The assessee, a subsidiary of Volkswagen AG, Germany, was engaged in the manufacturing of passenger vehicles of Skoda and Volkswagen brand. The assessee had a manufacturing unit at Chakan wherein passenger vehicles were manufactured. Survey was conducted on the premises of the assessee for verification of compliance to the TDS provisions at the Chakan plant. The survey team noted certain defaults in respect of TDS provisions. The AO noted that there was default in deduction of tax u/s 194H/194J of the Act. The total tax effect for the F.Y. 2007-08 was Rs.8,81,819/- on the said default demand was raised u/s 201(1) of Rs.8,81,819/-. The AO also computed the interest under section 201(1A) of the Act. The assessee was issued show cause notice u/s 271C of the Act.The suo motu compliance by the assessee was held to be not correct. The plea of the assessee that the default occurred due to oversight and was a bonafide mistake was also not accepted by the Additional CIT. Hence in the absence of the assessee justifying any reasonable cause for non deduction of tax at source, the assessee was held to be at default to deduct tax at source and penalty under section 271C of the Act was levied.

On appeal, the ITAT held that,

++ the assessee had made certain payments and in respect of one set of payments the assessee had deducted the tax at source under section194C of the Act. However, the AO was of the view that the provisions of section 194J were attracted. In respect of another set of payments the assessee had claimed that it was reimbursement of expenses or the service tax element thereof and no tax was to be deducted at source. In each of the years under appeal, there was admittedly short deduction of tax at source or non deduction of tax at source which the assessee claims due to oversight and the last set of payments on account of TDS were deposited in the bank account in the succeeding year. The assessee pleaded that on account of various reasons as pointed out before the authorities below, there was no merit in the levy of penalty;

++ the first allegation against the assessee was for not deducting the tax at source against payments made to its German company for accessing standard data server facility located outside India.
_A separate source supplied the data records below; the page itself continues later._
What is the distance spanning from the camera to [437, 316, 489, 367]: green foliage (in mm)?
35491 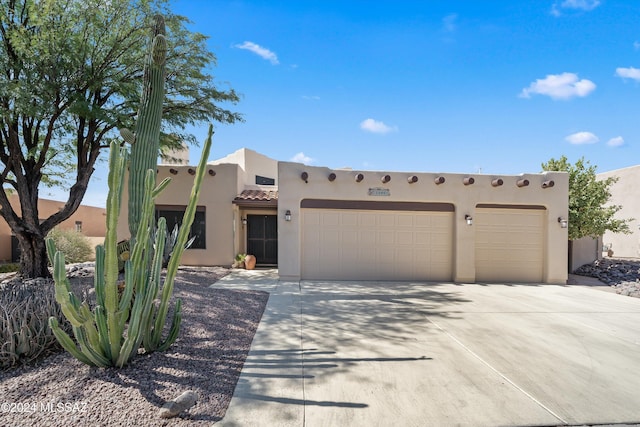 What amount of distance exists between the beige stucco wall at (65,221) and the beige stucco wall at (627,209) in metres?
30.9

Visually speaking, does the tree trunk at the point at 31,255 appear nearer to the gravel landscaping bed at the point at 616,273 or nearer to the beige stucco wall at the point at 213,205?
the beige stucco wall at the point at 213,205

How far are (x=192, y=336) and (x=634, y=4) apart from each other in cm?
1313

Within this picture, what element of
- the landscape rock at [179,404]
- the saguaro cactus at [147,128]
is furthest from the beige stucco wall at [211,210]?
the landscape rock at [179,404]

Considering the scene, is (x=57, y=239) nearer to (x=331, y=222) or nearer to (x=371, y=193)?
(x=331, y=222)

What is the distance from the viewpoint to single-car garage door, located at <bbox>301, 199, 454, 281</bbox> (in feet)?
33.4

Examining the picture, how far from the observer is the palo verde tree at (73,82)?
7.53m

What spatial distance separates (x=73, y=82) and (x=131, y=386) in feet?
27.5

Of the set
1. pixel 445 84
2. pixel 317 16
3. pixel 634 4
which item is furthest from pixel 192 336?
pixel 634 4

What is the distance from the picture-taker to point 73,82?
8008mm

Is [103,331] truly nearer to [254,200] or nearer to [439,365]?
[439,365]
The plea of the assessee was that such services which did not involve any human intervention for transmitting the data through such data lines did not involve technical services and there was no liability to deduct tax at source under section194J of the Act. The second aspect which was raised in this regard was that the off-shore services were rendered outside India and since it did not satisfy the twin conditions laid down in section 9(1)(vii) applicable to the Financial Year 2007-08, there was no merit in holding the assessee to be in default. The issue of applicability of section 194J of the Act, vis-à-vis similar payments of data line charges arise before the Pune Bench of the Tribunal in IGATE Computer Systems Ltd. case and it had been held that as there was no human intervention for transmitting the data it did not involve technical services and the provisions of section 194J of the Act were not applicable. The plea of the assessee in prsent case was similar that where it was accessing standard data server facility of the German company which was located outside India in Financial Years 2007-08 to 2009-10, then the payments made did not partake the nature of professional/technical services and the provisions of section 194J of the Act were not applicable. There was merit in the plea of the assessee in this regard and even where the assessee has deducted the tax at source on such consultancy fees paid and deposited the same in the account of the treasury, but the assessee cannot be held to be liable to penalty under section 271C of the Act.